The two safety mechanisms mentioned above are easy to use and cost nothing, except maybe a little more thought and possibly some time.
Because danger never takes a vacation, safety must never take a holiday. Some of the best advice for protecting yourself is not about training in martial arts, the latest weapons on the market, or the latest technology, but from your awareness of your surroundings. This is not intended to have you become paranoid, or become a student of actuarial science, but to be more aware. Always evaluate what you are doing and where you are. Have you been out walking and the shortcut to your destination is a darkened street and your ‘gut feeling’ tells you not to go that way…do you continue on that path or go a different route? Many times we ignore those ‘gut’ instincts or intuition and go into potentially dangerous situations we could have avoided. Maybe not always accurate, but those instincts are hard-wired into us from the days of the caveman when man had to protect himself from animal predators. Unfortunately today we must protect ourselves from human predators.
You can train yourself, your loved-ones, and especially your children the importance of the responsibility of protecting themselves. We don’t want to give our children the belief, or maintain the notion ourselves, that our safety is someone else’s responsibility. There have been various campaigns over the years that help us remember that we are ultimately responsible for our safety: don’t drink and drive; wear seatbelts and more recently, don’t text and drive. These marketing campaigns and messages stress the need to protect yourself and others.
Gavin de Becker, an expert on the prediction and management of violence and author of a number of books on protecting ourselves wrote in his book, The Gift of Fear, “whether it is learned the easy way or hard way, the truth remains that your safety is yours. It is not the responsibility of the police, the government, industry, the apartment building manager, or the security company” (p.12).
To take safety seriously means accepting responsibility for our own protection. Become aware of your surroundings; take notice of people or circumstances that seem out of the ordinary and trust your instincts. If that inner voice says, ‘don’t walk down that dark street’ or ‘don’t take a ride from that person’, trust those instincts. Weapons may protect you from violence, but the best solution, according to de Becker is not from technology, but intuition.
You have to know when your intuition is sending you messages and trust them. Animals have natural instincts, but de Becker says that we sometimes do not explore those mes-sages and even ignore those ‘survival signals’ (p.31). The messengers of intuition can include the following:
• Nagging feelings
• Persistent thoughts
• Gut feelings
De Becker says that intuition might send one or more of these messages to get your attention, and you must recognize them for what they are. Because they differ according to urgency, you must also understand they are not all equal and the ranking goes from the more simple of nagging feelings to the messenger of highest order, fear (p.73).

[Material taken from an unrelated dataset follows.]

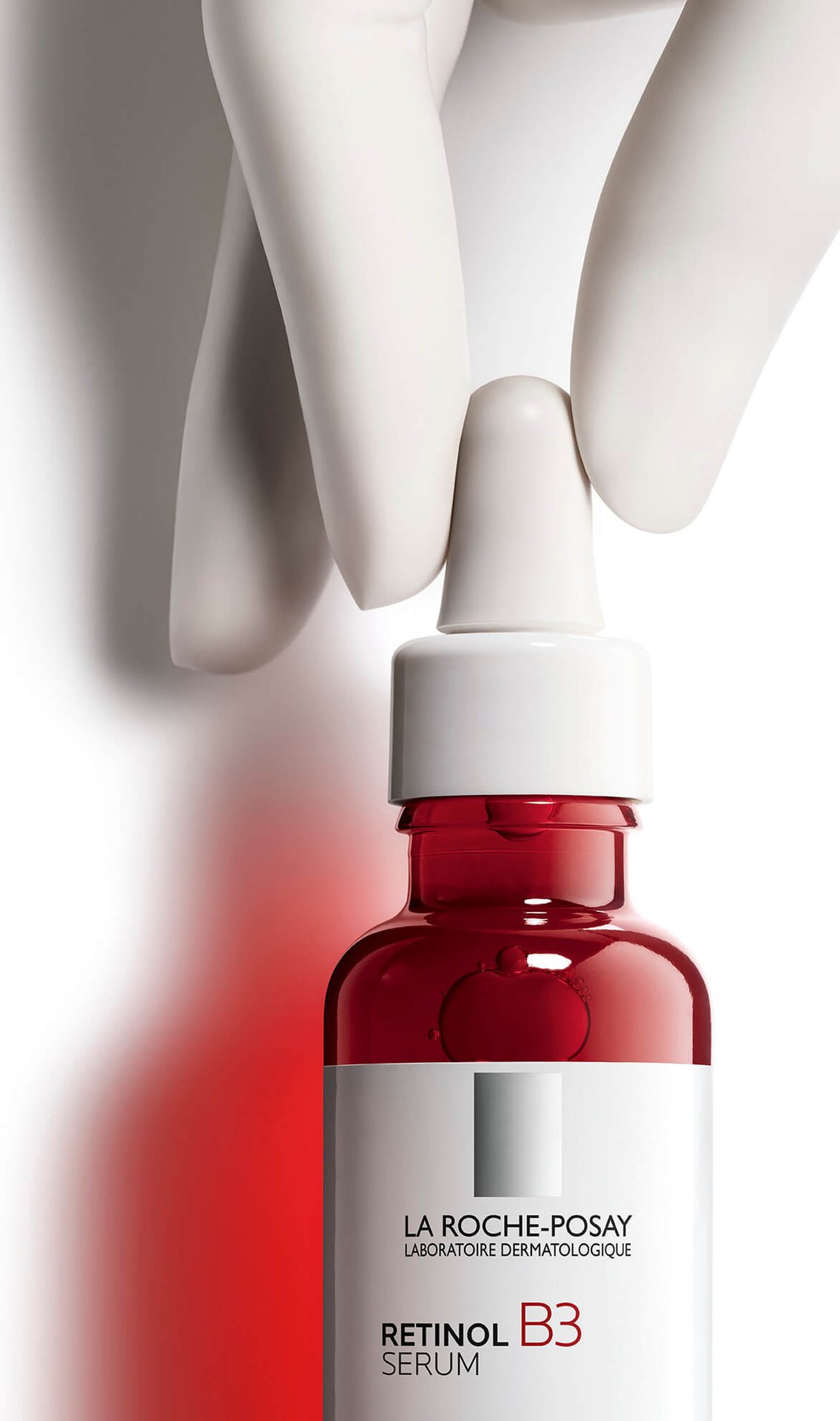 La Roche Posay Retinol B3 Serum hand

Train yourself in a simple way and apply those concepts to your safety at home and work and remember with any training you are going to react to situations based on how you’ve trained. Trust your intuition while using what-if scenarios, where you can mentally plan for what you would do in a particular situation. What-if scenarios can be done any time; while driving, walking or just relaxing. It doesn’t require a classroom setting. Being aware of your surroundings can help you avoid becoming a victim of an accident or a crime.
As an example, if you’re walking to your car at night in a dark parking lot, be aware of people around while thinking: “What would I do if I’m confronted? Where would I go?” Basically, have a plan in mind and if the situation changes, for example if you see someone sitting on your car’s hood, what would you do? This is not about becoming paranoid, but aware.
Being aware of your surroundings and listening to your inner voice are two ways that you can increase your safety as well as those around you.